Search by Page, in contrast, indexes the content of pages on your site, which
could be content pages, user profile pages, composites of content (such as
Views), or pages that are generated by other modules. The indexing in Search by
Page is done by first building the "content" region of each page to be indexed,
in the language(s) appropriate to the page and with the viewpoint of the role
you configure, and then adding that content to the Search index. Note that only
the "content" region of the page is indexed, not the sidebars, header, footer,
or other block regions in your theme. Also note that what is indexed is what is
output by your theme for each page, in contrast to core Search, which does not
depend on the theme's rendering of the page.
Search by Page also restricts search results to the currently-enabled language.
The core Search module only does this for content search, and only if you
have the Internationalization module enabled.
One other difference between Search by Page and the usual content search of the
core Search module is in reindexing. Search by Page assumes that your page
content might change over time, so it periodically reindexes the pages on your
site, giving priority to pages that have been edited. In contrast, the core
Search module assumes that if a content item hasn't been edited, it doesn't need
to be reindexed. You have some additional control over this reindexing -- see
the configuration section below.
Your site may experience errors during content indexing, which you can see in
the Recent Log Entries report. The typical reason is that the item that is
being indexed cannot be viewed by the user role you chose for indexing; other
errors are also possible. If this happens, Search by Page will still mark the
page as "indexed" in the search index, so that in the next cron run, it will
not try to index the page again and block working items from indexing. If you
ever want Search by Page to try indexing the failed pages again (after fixing
the cause of the error, presumably), there is a link to reset items with no
content in the index. This is located in the "Additional Actions" section of
the Search by Page configuration screen.
-- Setup and Configuration --
Search by Page does not know what the pages of your site are, so it doesn't
index anything by itself. You will need to enable and configure at least one
sub-module that lets you add paths to the search index, in order for this module
to do anything.
You will also need to set up one or more search "environments". Each environment
defines which paths are searchable, and has its own search URL and search block.
Four sub-modules are provided: "Paths" to index arbitrary paths to pages on your
site, "Nodes" to index content items of particular content types, "Users" to
index user profile pages for users of particular roles, and "Attachments" to
index files attached to content items.
The "Paths" sub-module is the most generic, but if you put a lot of paths in it,
your searches will run slower. (The technical reason is that each time someone
searches on your site, this module has to check whether that person has
permission to view each page in the list, to exclude pages the person doesn't
have permission to view from search results, and this has to be done via a PHP
loop rather than an SQL query because of how Drupal permissions work.)
IMPORTANT NOTE: If you are using Search by Page Paths, your database must be
set up with permission to create temporary tables.
The "Attachments" sub-module indexes the text in certain types of files that are
attached to content items via either the CCK FileField module or the core Upload
module.
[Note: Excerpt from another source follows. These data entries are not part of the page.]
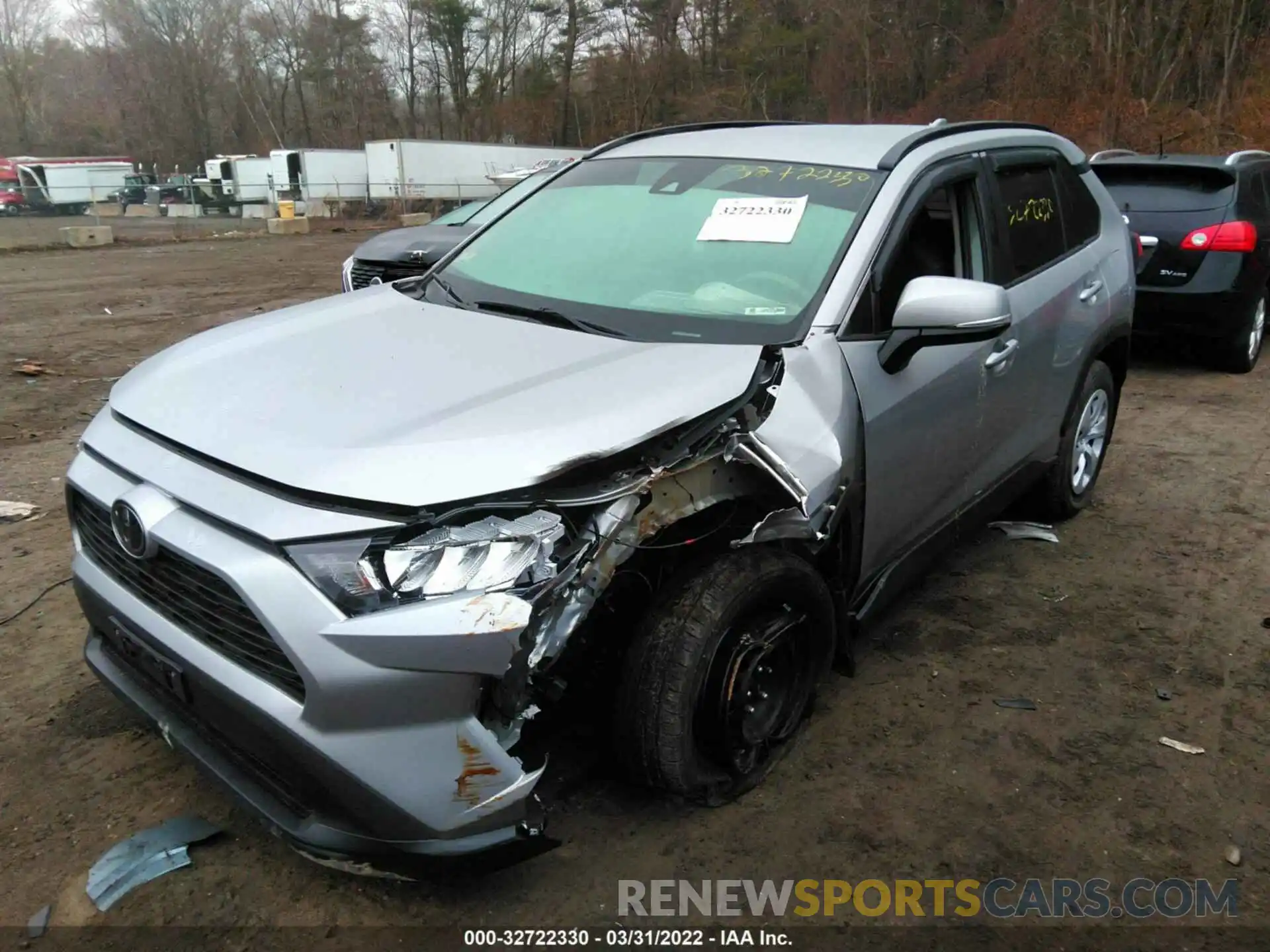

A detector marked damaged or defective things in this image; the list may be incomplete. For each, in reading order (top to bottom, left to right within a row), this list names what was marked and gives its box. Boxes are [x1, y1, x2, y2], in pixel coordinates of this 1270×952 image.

dented hood [109, 286, 762, 510]
broken plastic piece [985, 523, 1056, 543]
torn sheet metal [985, 523, 1056, 543]
cracked headlight [290, 510, 569, 614]
broken plastic piece [995, 695, 1036, 711]
broken plastic piece [1158, 741, 1204, 756]
torn sheet metal [85, 817, 222, 914]
broken plastic piece [85, 817, 222, 914]
broken plastic piece [26, 904, 51, 944]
This requires "helper" programs to extract the text from file
attachments, and the helper programs are configured using the separate Search
Files module (which you can find at http://drupal.org/project/search_files). It
is recommended that you download Search Files 6.x-2.x (which may be a "Beta"
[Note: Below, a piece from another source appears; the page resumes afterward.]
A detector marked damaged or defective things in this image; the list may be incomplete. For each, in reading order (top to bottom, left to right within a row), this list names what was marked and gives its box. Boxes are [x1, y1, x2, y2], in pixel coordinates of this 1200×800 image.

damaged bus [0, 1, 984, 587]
version, but that is OK), and only enable the Search Files API module (and not
the other included modules). This will enable just the helper program setup
functionality, without enabling the other functionality of Search Files.
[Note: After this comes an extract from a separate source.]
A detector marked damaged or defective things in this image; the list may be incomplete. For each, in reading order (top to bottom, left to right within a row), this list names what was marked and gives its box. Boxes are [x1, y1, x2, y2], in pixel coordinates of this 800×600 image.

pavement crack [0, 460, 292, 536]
If you want to write your own sub-modules, see the search_by_page.api.php file
included with this module (or use one of the included sub-modules as an
example).
Once you have enabled sub-module(s), visit the path
admin/settings/search_by_page to set up search environments and define pages to
index for each environment. Then wait for cron to run (or visit the status
report page, admin/reports/status, and click on "run cron manually"). No pages
will be indexed until cron has run, and no search results will come out until
pages have been indexed.
Other configuration options:
* You can change various labels and other text on the Search by Page
configuration pages.
* You can set the number of items Search by Page will index per cron run on
the Search by Page configuration pages. This is independent of the indexing
settings for the core Search module. If you are using Search by Page as an
independent search (rather than as a tab on the core Search page -- see section
below), you might want to set the core Search settings cron limit to zero, so
that only Search by Page items are added to the search index. But if you do
that, the % indexed reported on the Search page will never reach 100%, because
the core content items will never be indexed. So you will need to check the more
detailed status report farther down on that page.
* You can control the reindex cycling described in the How it Works section
above by using the minimum/maximum reindexing time settings, which are on a
per-module, per-environment basis. Setting the minimum reindexing time forces
Search by Page to wait at least this amount of time before reindexing that type
of page. Setting the maximum reindex time forces Search by Page to reindex that
type of page immediately when this amount of time has passed. WARNING: Do not
choose too small of a maximum reindex page globally! This setting works by
marking the pages for immediate reindexing when this time has passed, and it can
interfere with the reindexing of new content.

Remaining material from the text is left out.